Это стало как будто открытием души, не нужным, возможно, за десять минут до смерти. Оказывается, как всем людям, кроме борьбы, ей хотелось обыкновенного человеческого счастья. И счастье во всей его полноте должно было оказаться вот таким простым: они с Андреем идут рядом по остывшей к вечеру земле. Пахнет сеном, предзакатная пыль мягка и тепла, и тяжело, размеренно навстречу ступают волы, поскрипывает мажара, загорелый парень-батрак покрикивает «цоб-цобе» и нехотя вертит над головой длинной лозиной.
Всю свою недолгую жизнь она отдала борьбе за народное дело: занятиям с рабочими, конспиративным квартирам, нелегальной литературе и яростным, принципиальным спорам, когда до кости, не то, что до живого мяса, обнажались свои принципы и отвергались чужие. В 17 лет она ушла из дому, жила по чужим паспортам, была хозяйкой квартир, откуда начинались подкопы, где хранилась взрывчатка, куда сразу после побега приходили осужденные на каторгу товарищи.

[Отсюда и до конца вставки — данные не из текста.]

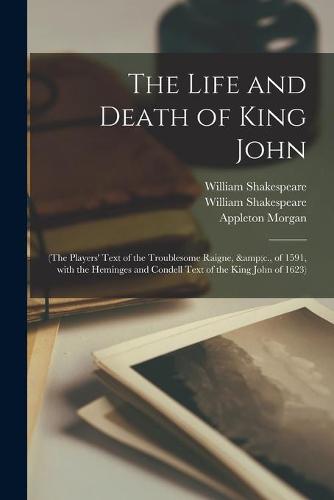 The Life and Death of King John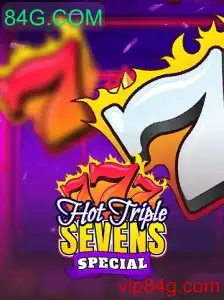 Descubra o Empolgante Mundo de HotTripleSevensSpecial no 84G.COM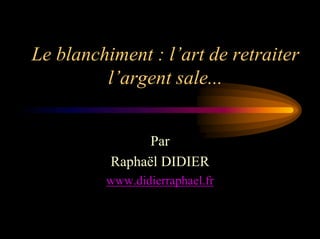 Le blanchiment : l’art de retraiter
         l’argent sale...


                Par
          Raphaël DIDIER
         www.didierraphael.fr
 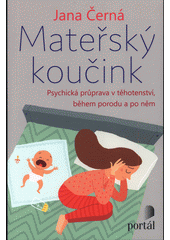 Mateřský koučink : psychická průprava v těhotenství, během porodu a po něm  Cover Image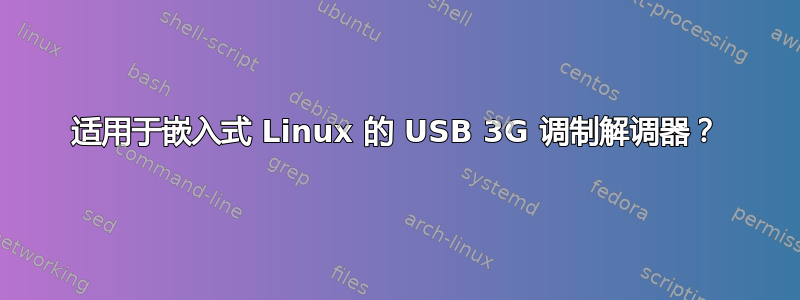 适用于嵌入式 Linux 的 USB 3G 调制解调器？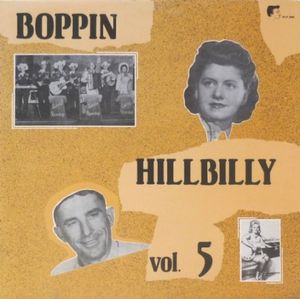 Boppin’ Hillbilly, Vol. 5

Вспоминая о ней, будут говорить о ее детском лице с выпуклым по-ребячьи ясным лбом, о белом воротничке на черном единственном платье, о ее необыкновенной аккуратности, заботливости, самоотверженности. Но станут говорить также и о том, что ни в детские годы, ни борясь за свои убеждения, она не знала страха, о том, что душевные силы ее были безграничны, характер тверд, и именно она, принципиальная противница террора, в последнее время держала все нити покушения на Александра II в своих руках.
Но пока еще не время воспоминаниям, пока она еще жива, смотрит на Желябова, и степной берег, остывая, лежит у их ног…
Берег этот — около Приморского, имения матери Перовской вблизи Севастополя. Сюда приезжала Соня отдохнуть от очередных провалов "Земли и Воли", здесь скрывались товарищи, бывшие на нелегальном положении, от этого берега уплывала она так далеко к горизонту, что никто не решался догонять ее: "Соня, вернись! Ведь страшно же!"
Только сейчас стало по-настоящему страшно: никогда не будет над рыжим обрывом куста лоха, никогда не будет маков в степи и маленьких ракушек на песке…
Все трое подошли, поцеловали ее: Желябов, Кибальчич, Михайлов; от предателя Рысакова она отшатнулась… Первая женщина, казненная в царской России по политическому делу. В этом она добилась столь дорогого ей равноправия.
Впрочем, об этом сейчас не стоит думать. Лучше о том, что она была счастлива все-таки, хоть прожила мало, и будто отказываясь от всего, что составляет счастье молодости: от беззаботности и блеска, от вальса и белого платья, от свободного времени и свободных денег.
Рядом — виселица и пять черных наскоро сколоченных гробов. А там, в узком проеме улиц, веселится, разливается, обещает бесконечность море…
С Крымом Софья Перовская связана не только поездками в приморье к матери. В Крыму в первые годы ее отрочества Лев Николаевич Перовский, отец революционерки, был вице-губернатором. Отсюда перевелся в Петербург уже губернатором столичной губернии. К этому можно еще прибавить, что дед ее был когда-то губернатором Таврическим. Обыкновенно биографы Софьи Перовской с этого и начинают, а затем сами удивляются и читателя заставляют удивляться: из такой семьи! от чего отказалась! и как это могло получиться?
Действительно — как?
Когда Софью Перовскую арестовали, департамент полиции немедленно вызвал из Приморского ее мать Варвару Степановну. Граф Лорис-Меликов передал ей "настоятельную просьбу или вернее приказание государя употребить все влияние на дочь, чтобы она выдала своих соучастников, потому что необходимо положить конец этому пролитию крови".
"Дочь моя с раннего детства обнаруживала такую самостоятельность, что ее нельзя было заставить делать что-нибудь по приказанию. На нее можно было влиять только лаской или убеждением. Теперь же она — взрослый человек вполне сложившихся взглядов. Она ясно понимала, конечно, что делала, и потому никакие просьбы не могут повлиять на нее", — ответила Варвара Степановна.